Pope OKs miracle to beatify UK Cardinal Newman
VATICAN CITY — Cardinal John Henry Newman, an influential 19th-century Anglican theologian who converted to Roman Catholicism, moved a step closer to possible sainthood Friday after the pope approved a miracle attributed to his intercession.
Pope Benedict XVI ruled that the recovery of a Boston-area resident who for years suffered from a spinal disorder was miraculous, meaning Newman can now be beatified. A second miracle is necessary for him to be declared a saint — an event which, if it happens, would make Newman the first English-born saint since the Reformation.

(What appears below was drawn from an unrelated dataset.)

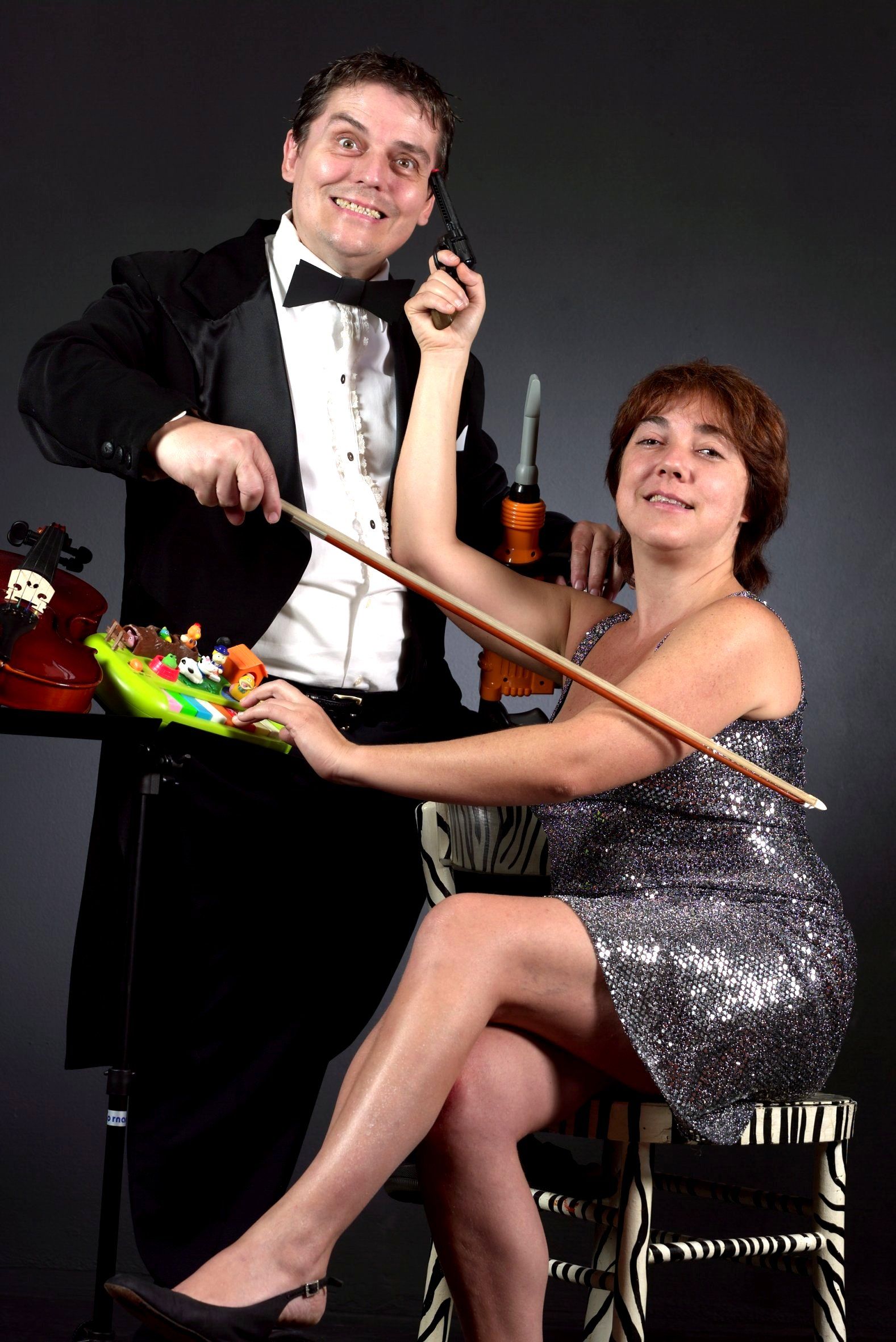 Freak Antoni e Alessandra Mostacci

Newman, a hero to many Anglicans and Catholics alike, was one of the founders of the so-called Oxford Movement of the 1830s, which sought to revive certain Roman Catholic doctrines in the Church of England by looking back to the traditions of the earliest Christian church. Anglicans split from Rome in 1534 when English King Henry VIII was refused a marriage annulment.
“He was extraordinarily important in helping the Anglican church in finding its identity,” said Cynthia McFarland, managing editor of the Anglicans Online Web site.
In 1841, Newman published a paper demonstrating that the Thirty-Nine Articles, the doctrinal statements of the Church of England, were consistent with Catholicism. Amid outcry from Anglicans, Newman retired and in 1845 joined the Roman Catholic Church. A year later he was ordained a Catholic priest.
Monsignor Mark Langham, the Vatican official in charge of relations with Anglicans, said Newman was also a “key figure” for Catholics. For Catholics, Newman anticipated by some 100 years the ideas about the church’s place in the world that were articulated during the Second Vatican Council, the 1960s meetings that brought many liberalizing reforms to the church.
“Because so many of his ideas anticipate Vatican II, he is seen as something of a trailblazer in opening up the Roman Catholic Church to the world and the wider sense of its obligations to other Christians,” Langham told The Associated Press.
Many theologians, Benedict chief among them, “hold him in very high esteem as one of the great minds,” he added.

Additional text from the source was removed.